A couple of posers here , are there design similarities between the he177s undercart and the fokke wolfe condor? and was the short stirlings undercart the tallest unit in production during the war? , and how complex was its retraction process?:cool: 😎

I’m surprised no-one’s picked up on this. The Focke-Wulf Condor’s undercarriage was originally designed with a single mainwheel, and later developed into double wheeled units. (I don’t know whether to allow a greater load (likely in the move from civil airliner to maritime bomber) or for a lower ground footprint.) The rather ingenious drop forward framework was intended to allow the undercarriage to be lowered by gravity in the even of a power failure. (It has nothing to do with the He-177’s gear.)

http://www.kafejo.com/aviado/img/fw200-7.jpg

http://uboat.net/technical/images/fw200-1.jpg

http://www.clubhyper.com/reference/images/fw200gearrefab_5.jpg

(More here: Club Hyper)

© The Condor had an unusual forward-retracting main undercarriage with double wheels. This would lock into place with air pressure when loaded.

From: http://avia.russian.ee/air/germany/fw-200.php

The additional ‘crate’ to raise the wing from the already designed undercarriage on the Stirling would have been a fine interim idea – to have gone into production with it merits some award for poor practice. Excuses are just that – other designers coped with more major redesigns.

Extending the saga, the Beaufort’s undercarriage doors is framed by pipework that any Victorian bathroom would be proud to call its own – at about the weight of Victorian ironmongery as well. A completely ridiculous setup, and the opposite of ‘add lightness’.

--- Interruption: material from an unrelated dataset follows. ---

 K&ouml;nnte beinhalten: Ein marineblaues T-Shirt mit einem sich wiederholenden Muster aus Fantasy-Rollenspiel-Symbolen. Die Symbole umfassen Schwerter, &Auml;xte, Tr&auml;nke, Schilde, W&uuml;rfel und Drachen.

The Lockheed 10 and 12, in many other ways excellent aircraft are extremely prone to undercarriage failures as Lockheed didn’t provide an over-centering ‘lock’ on the retraction and support arms but required them to be dead straight to take a load. Any variation loaded the jacks’ gearing which pulled out of the wing.

There was a lot of experimentation in the ’30s with undercarriages. The Lockheed 14 gear and the B-17’s both seem good design to me.

More in the Putnam on aviation development interwar.